Consensus is growing that public purchasing power should be used to reach social and economic goals. U.S. and European cities have begun to adopt this approach — known as inclusive or "sustainable" procurement — to ensure triple bottom line benefits to communities and workers from government contracts with manufacturers, service providers and construction companies. Similarly, public officials can bring the government’s considerable economic weight to bear to ensure that new technologies benefit the workers and communities who are paying for them.
When tax dollars are used to purchase new equipment that automates work previously done by people, governments should insist that the sellers identify the jobs that will be eliminated and the new jobs that potentially will be created. Then the purchasing officials can determine which skills have become obsolete and which new skills the existing workforce can be trained in. Moreover, public officials can embed criteria in the purchase of the item beyond standard price and quality. Will the item be manufactured in the community or state? Will the manufacturing process create new jobs? Will those jobs pay a living wage? Will the employer respect workers’ rights?

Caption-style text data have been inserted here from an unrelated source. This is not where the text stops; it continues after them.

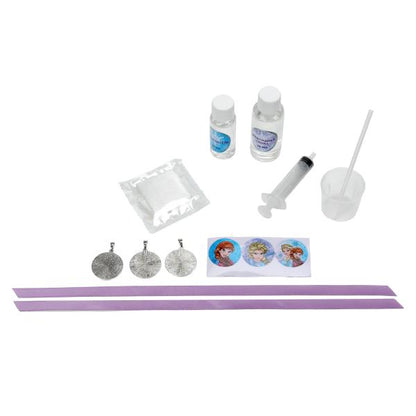 Набор для создания украшений с эпоксидной смолой снежная принцесса МУЛЬТИ АРТ в кор.40шт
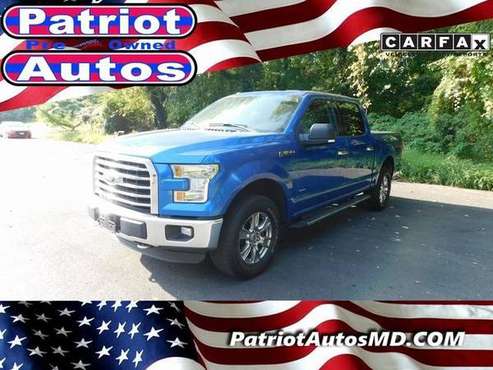 2016 Ford F-150 4x4 4WD F150 Truck BAD CREDIT DONT SWEAT IT! ✅ for sale in Baltimore, MD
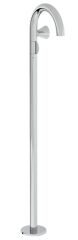 Vitra A42775 Liquid Yerden Lavabo Bataryası Krom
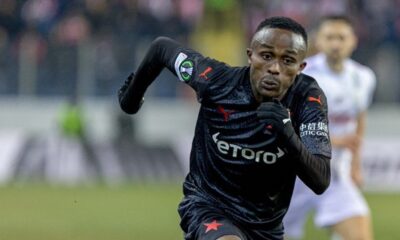 Colin Yira Sor: 36 Lion graduate completes Genk move from Slavia Prague 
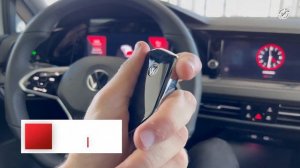 VOLKSWAGEN GOLF 8 | 1.4 L TSI R-LINE | ECRAN TACTILE 8" VRAIMENT BIZARRE !!!!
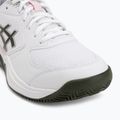 Pánske tenisové topánky ASICS Gel-Dedicate 9 Clay white/vintage khaki 7
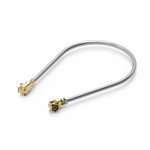 Wurth Elektronik Male UMRF to Male UMRF Coaxial Cable, 0.001m, Terminated
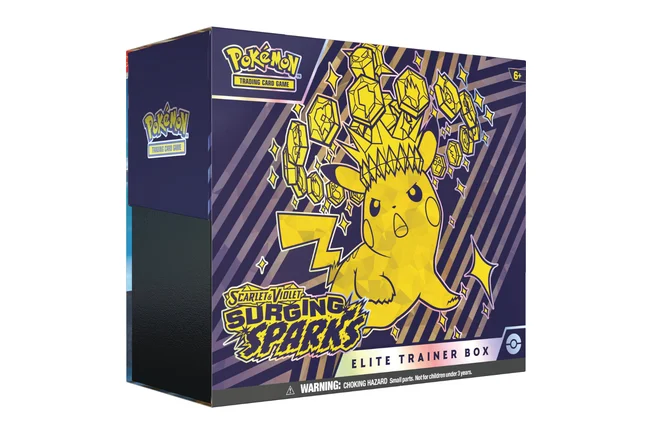 Surging Sparks Elite Trainer Box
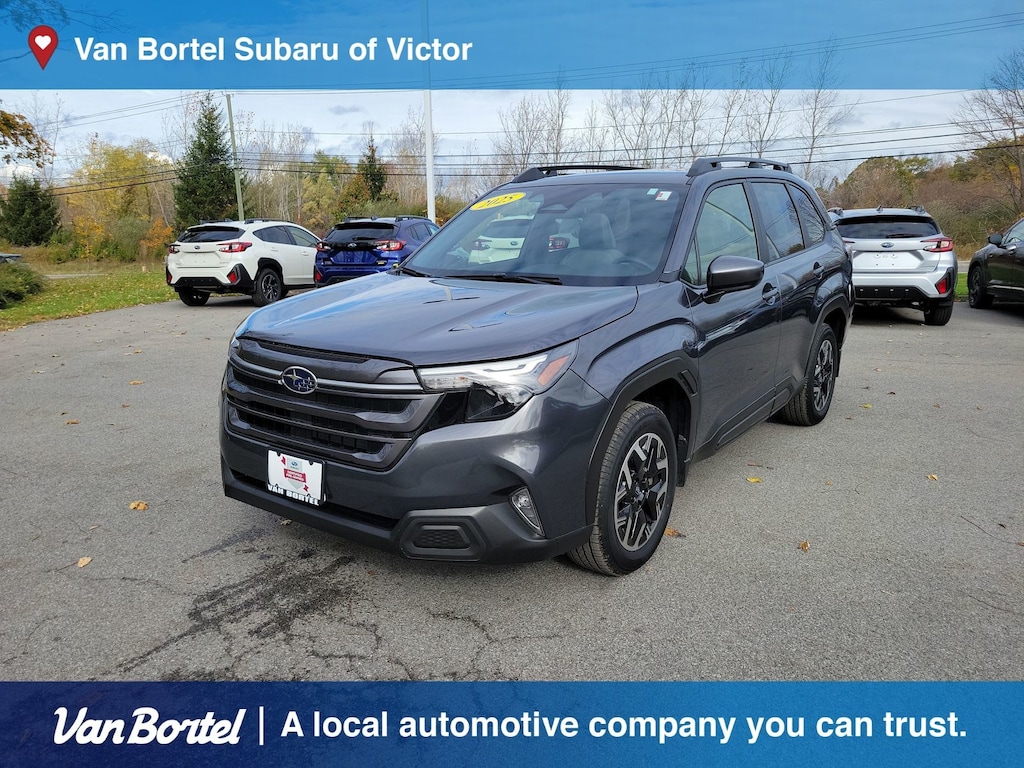 Certified 2025 Subaru Forester Premium SUV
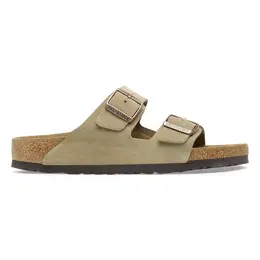 Birkenstock: Бежевые сабо  Arizona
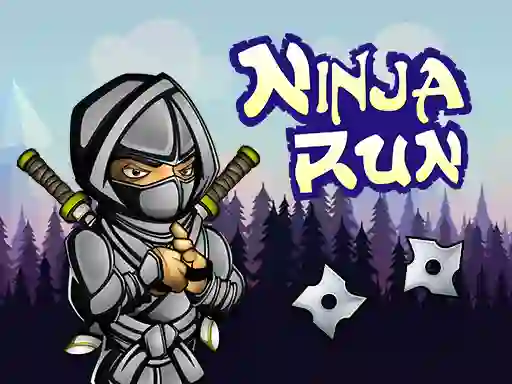 Lojë Ninja Run në internet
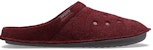 Crocs Classic Kasual Tebal Hangat Unisex Merah Wain Selipar 203600-60U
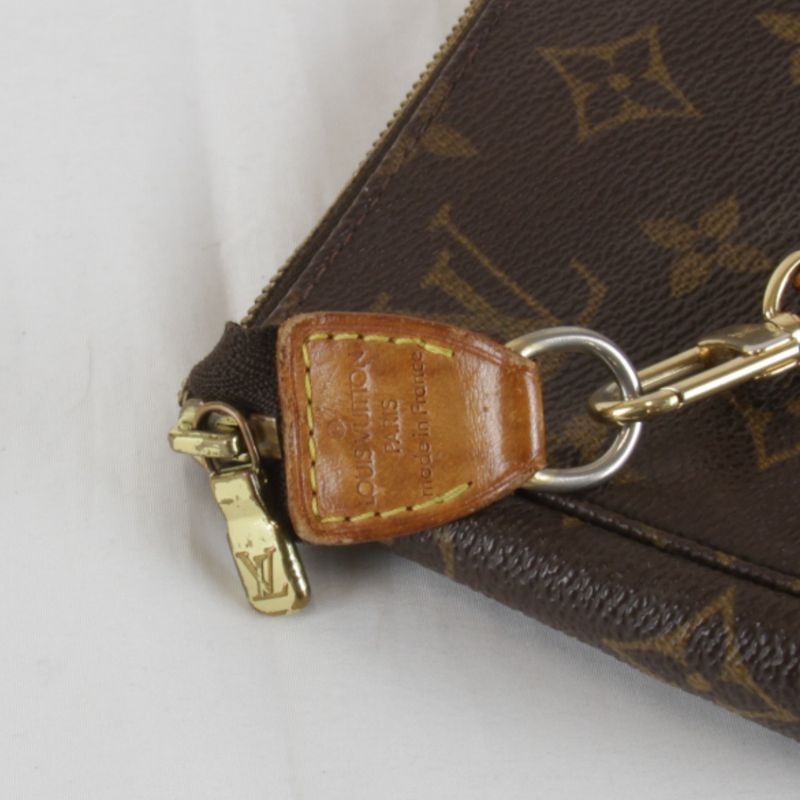 Louis Vuitton Shoulder Bag Monogram Canvas Brown
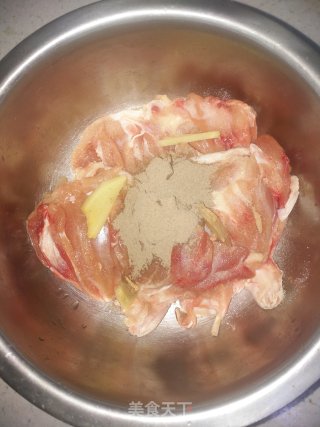照烧鸡腿饭的做法步骤：3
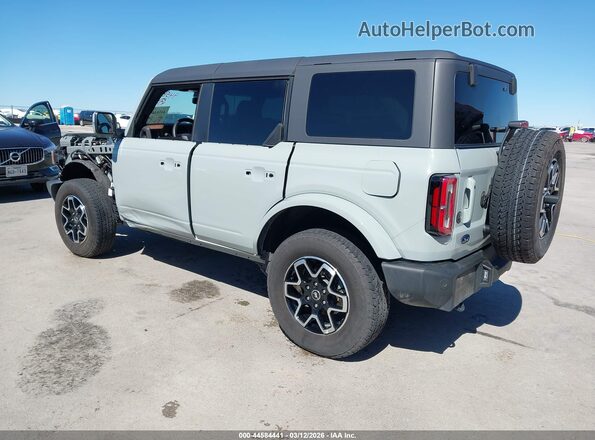 1FMDE8BH0RLB52257 2024 FORD BRONCO Зеленый Задняя левая четверть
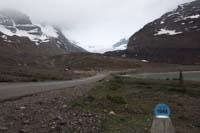 014-glacier_terminus_in_1948-parking_lot_and_meeting_area_ahead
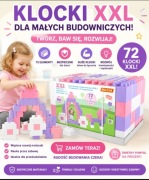 MEGA DUŻY ZESTAW KLOCKÓW 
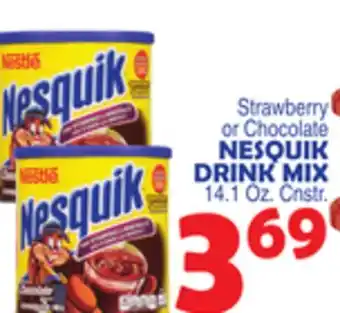 Bravo Supermarkets Nesquik drink mix offer
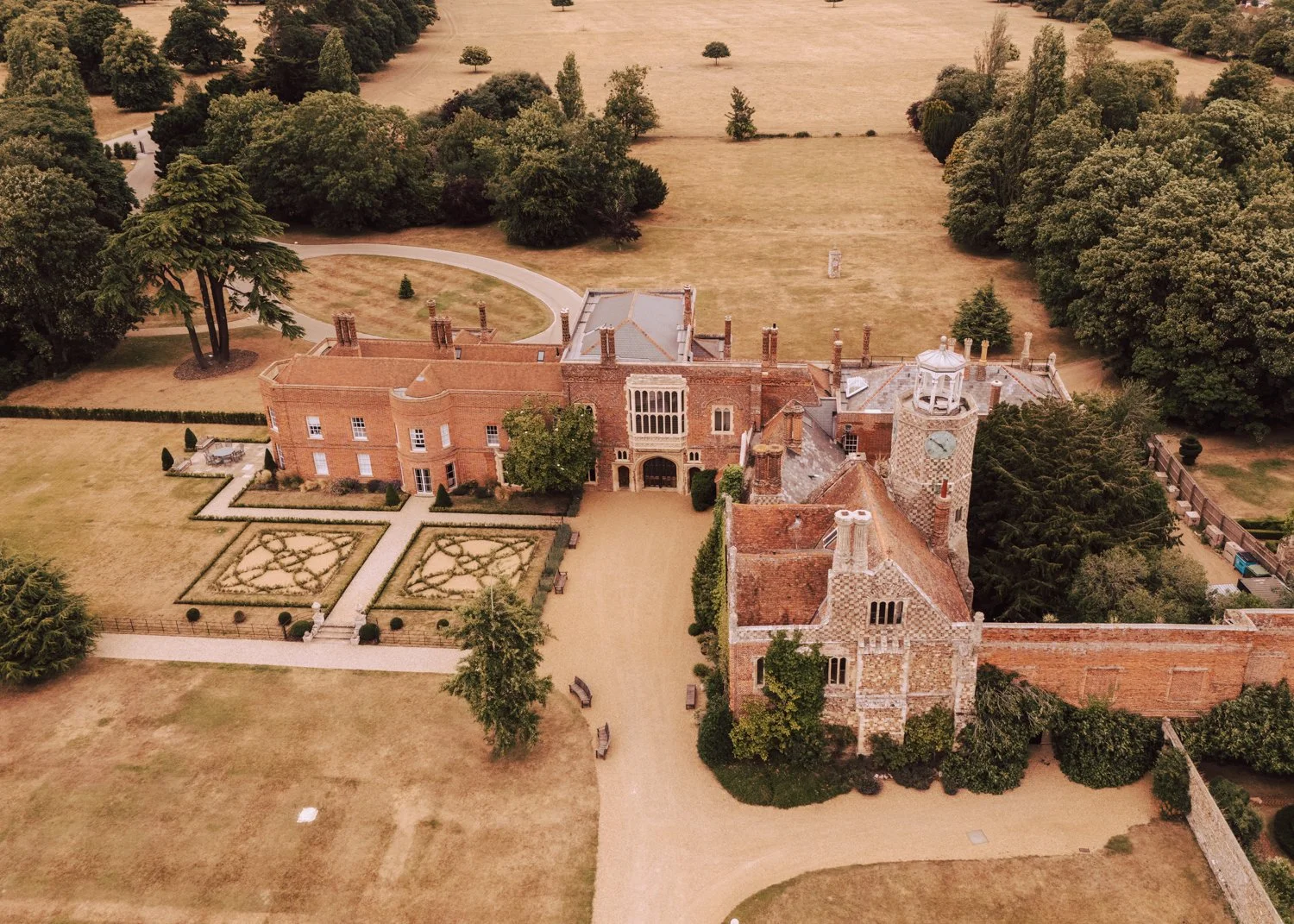 St Osyth's Drone Photo from Photographer Liam Gillan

In the climate technology field, cities and states have used this kind of framework to ensure that the transition to a clean economy creates good jobs and minimizes the negative impacts on frontline fossil fuel workers. For example, the Chicago City Council recently adopted a resolution committing to the replacement of fossil fuel dependent machinery (such as diesel buses) with clean energy equipment. Mindful of the potential negative impact on existing fossil fuel workers, the City Council resolved to “leverage the City's purchasing power to invest in companies committed to recruiting, hiring, and retaining historically disadvantaged workers and displaced fossil fuel workers to manufacture clean energy infrastructure and equipment at a prevailing wage with comprehensive benefits.”
Of course, companies that object to answering questions about the impact of new technology on jobs and workers as posed in a government’s procurement framework or as part of a tech impact assessment could simply decide to forgo public resources, like Amazon recently did in New York, and seek private capital elsewhere.
It’s worth recalling that many of the world’s game-changing innovations, including the internet itself, have been seeded, funded and then developed by public spending. The same holds true today. In exchange for such generous taxpayer funding, public officials can and should demand that the tech industries who benefit from such subsidies maximize good job opportunities for workers whose livelihoods they could otherwise destabilize, devalue or destroy.
Workers and communities should not feel that they must accept whatever upheaval emerging technologies throw their way. Nor is rolling back the clock and attempting to block automation, which can provide a range of social and economic benefits, a realistic alternative.
The task for policymakers at the local, state and federal levels is to acknowledge that automation does not happen in a vacuum — it is aided and abetted by public resources. The public has a right to demand a share of the benefits and curb the costly fallout, created by technological change.